There’s a point in Isabel Coixet’s 2005 film The Secret Life of Words when a character asserts that everything is essentially an accident. It’s a fascinating statement from a story that features suicide, genocide and the act of voluntarily detaching from the world.
The statement makes you appreciate the idea that everything we do in life, from the very best to the most horrible, is not what we intended or imagined we would do because it’s not the situation we intended or imagined ourselves being in.
And for victims of unspeakable trauma, the fact that they survived is an accident as well. It’s perhaps the most difficult accident to process.
Coixet is a Spanish director, but the film takes place in Ireland and stars American actor Tim Robbins and Canadian actress Sarah Polley, who plays a Yugoslavian woman.
The Secret Life of Words screens next week as part of the Holocaust and Genocide Studies Project, a series sponsored by the Portland Center for Public Humanities.
Words is not a typical film about genocide, if there can even be such a thing. It’s primarily the story of two characters, and it paints a compelling portrait of what it means to be a survivor.
Polley plays Hanna, a partially deaf factory worker who is asked to take a vacation because her co-workers complain about her lack of social skills. On her holiday, she meets Robbins’ character, Josef, an oil rig worker who was badly burned and is temporarily blind.
She offers to become his nurse, probably because she can’t stand to be alone with nothing to do. Although Hanna reveals next to nothing about herself, it’s immediately clear she has been through something profound.
The scenes between Hanna and Josef are at first very stunted and uncomfortable: She refuses to tell him anything about herself, not even her real name, and even though she is helping with his bedpan and cleaning his entire body, he’s OK with making awkward sexual advances.
The subtle sexual undercurrent in the film feels much different than in many films—it’s realistic and unpleasant, even though Josef becomes more likable. There’s a decidedly unromantic feel to the relationship between them, and this movie is normally considered a love story, which I mean as a compliment.
The Secret Life of Words is slow, and in some ways it’s very odd. There’s an otherworldly child’s voice narrating portions of Hanna’s story that kind of reminded me of the cat’s voice in Miranda July’s The Future, and the identity of this voice isn’t explained.

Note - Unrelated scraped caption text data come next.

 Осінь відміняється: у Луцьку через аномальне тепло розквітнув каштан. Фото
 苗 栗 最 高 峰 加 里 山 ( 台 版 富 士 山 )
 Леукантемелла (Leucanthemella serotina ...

Hanna begins to slowly come out of her shell while caring for Josef on the oil rig, and the big reveal of her horrific past during the Balkan Wars is delivered with stunning eloquence by the always amazing Polley.
The Secret Life of Words
Part of the Holocaust and Genocide Studies Project
Wednesday, March 6, 7 p.m.
Oregon Holocaust Research Center
1953 NW Kearney St.
But the idea of constructing a viable romance between the two characters sometimes seems bizarre. It takes so long to fully understand Hanna’s story that there’s not enough time left to understand her transformation—which is too bad, because both actors are great in their complex roles.
Following next week’s screening at the Oregon Holocaust Resource Center, Portland State professor Gregory Goekjian will lead a discussion on the film.

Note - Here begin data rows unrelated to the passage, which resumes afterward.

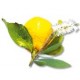 CAJEPUT / CITRON  Stimulant - aux arômes frais et fruités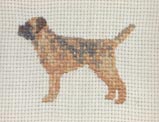 Border Terrier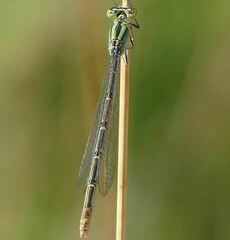 Erythromma lindenii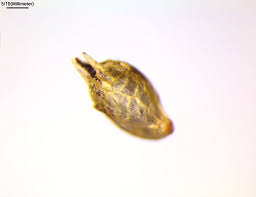 Attēlu rezultāti vaicājumam “Ambrosia artemisiifolia fruit”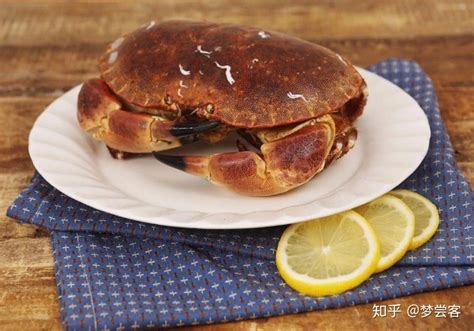 面包蟹怎么养才能活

“The Secret Life of Words deals with the isolation and shame of a survivor and the ways in which words can both torment and heal, even in their inadequacy to represent certain experiences,” Goekjian said in an email. “This is not unlike the word ‘genocide’ itself, with its ‘clean’ scientific etymology that both exposes and masks the slaughter, massacre, rape, violation and inhumanity it signifies.
“The film brings together two victims of very different catastrophes: one personal, individual and explicable, and the other genocidal,” Goekjian said. “Their confrontation and interaction lead to the possibility of at least a partial understanding and even healing.”
The series of films presented by the Holocaust and Genocide Studies Project committee were chosen because they present these subjects in an unusual light, and The Secret Life of Words certainly qualifies. Julie
Christie, in a cameo role as Hanna’s counselor, remarks at the end how many Hannas there are.
But the film tells an incredibly small and intimate tale of one woman instead of many. Isn’t that the best way to understand immense atrocities? Aren’t we drawn to the personal stories of people whose lives we could easily have lived ourselves?
By comparing and contrasting Hanna’s history to that of Josef, who suffered an individual tragedy, The Secret Life of Words manages to show that all tragedies are individual, and you’d be hard-pressed to find an accident without lifelong consequences.